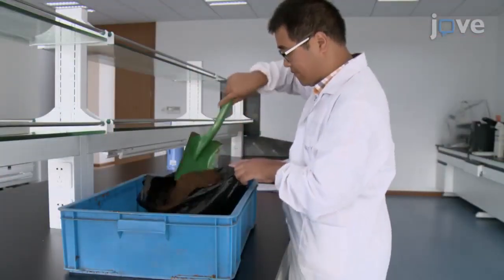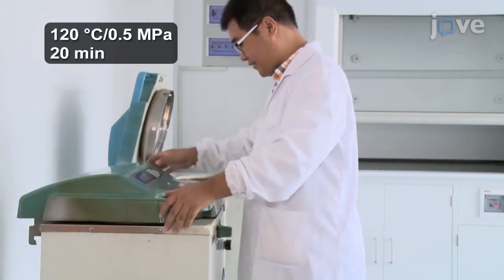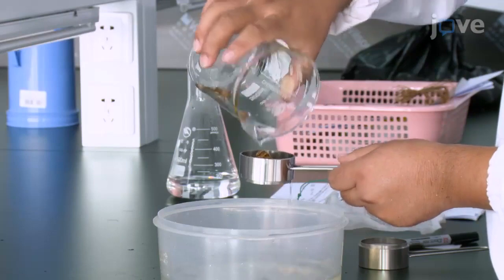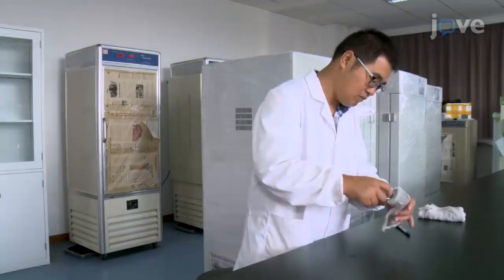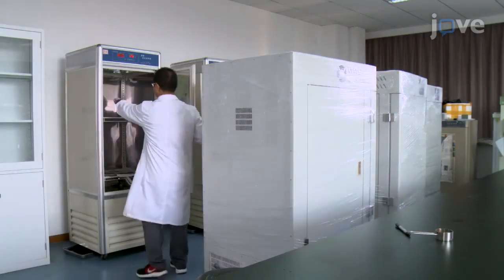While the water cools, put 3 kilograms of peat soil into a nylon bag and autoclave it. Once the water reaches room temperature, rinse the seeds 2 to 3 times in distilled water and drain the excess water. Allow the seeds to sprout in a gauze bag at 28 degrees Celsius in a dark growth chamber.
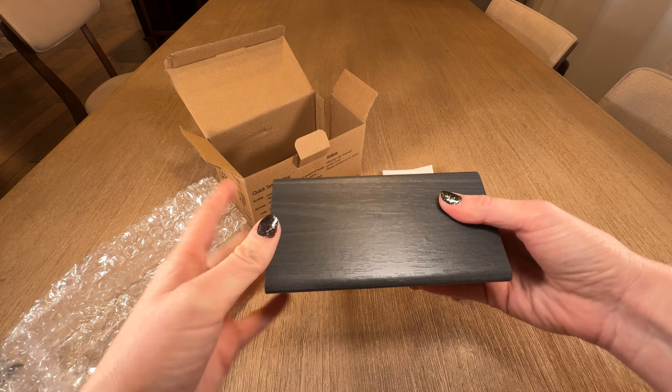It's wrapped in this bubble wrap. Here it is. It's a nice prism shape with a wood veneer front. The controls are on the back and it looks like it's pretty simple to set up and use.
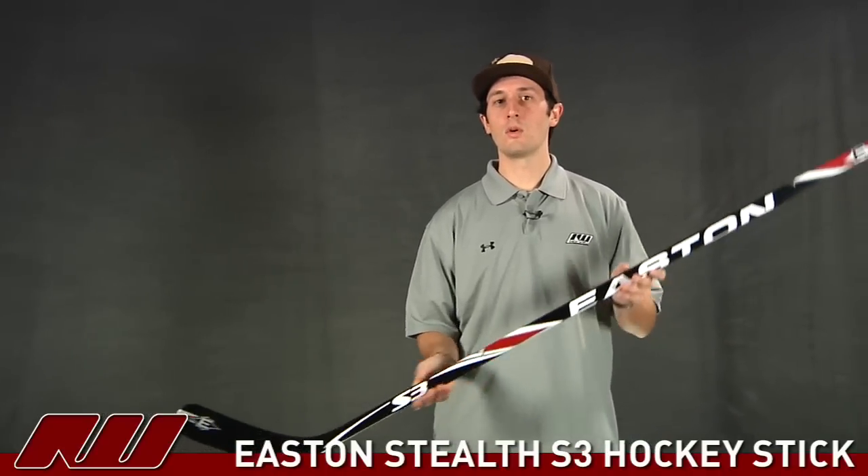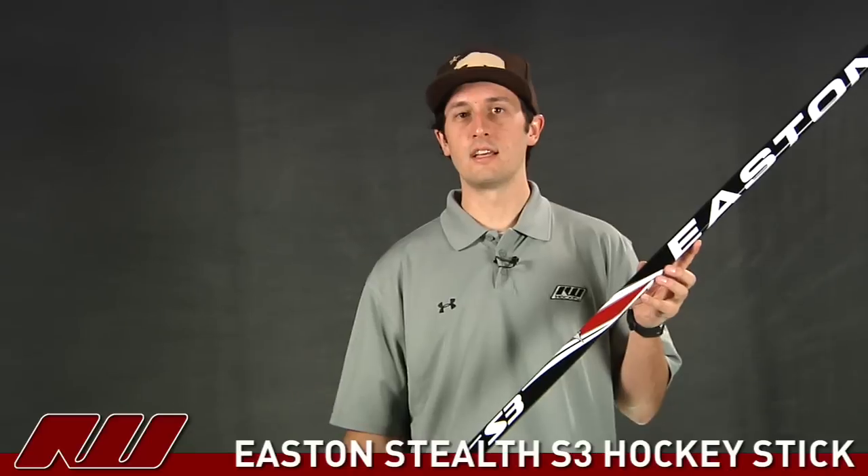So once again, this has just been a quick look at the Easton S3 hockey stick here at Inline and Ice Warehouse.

(What to do): Write out verbatim the lines from the one containing "It's wrapped in" through the last line of the listing above, and no other lines; omit pictures.

(Response for this exercise):
It's wrapped in this bubble wrap. Here it is. It's a nice prism shape with a wood veneer front. The controls are on the back and it looks like it's pretty simple to set up and use.
So once again, this has just been a quick look at the Easton S3 hockey stick here at Inline and Ice Warehouse.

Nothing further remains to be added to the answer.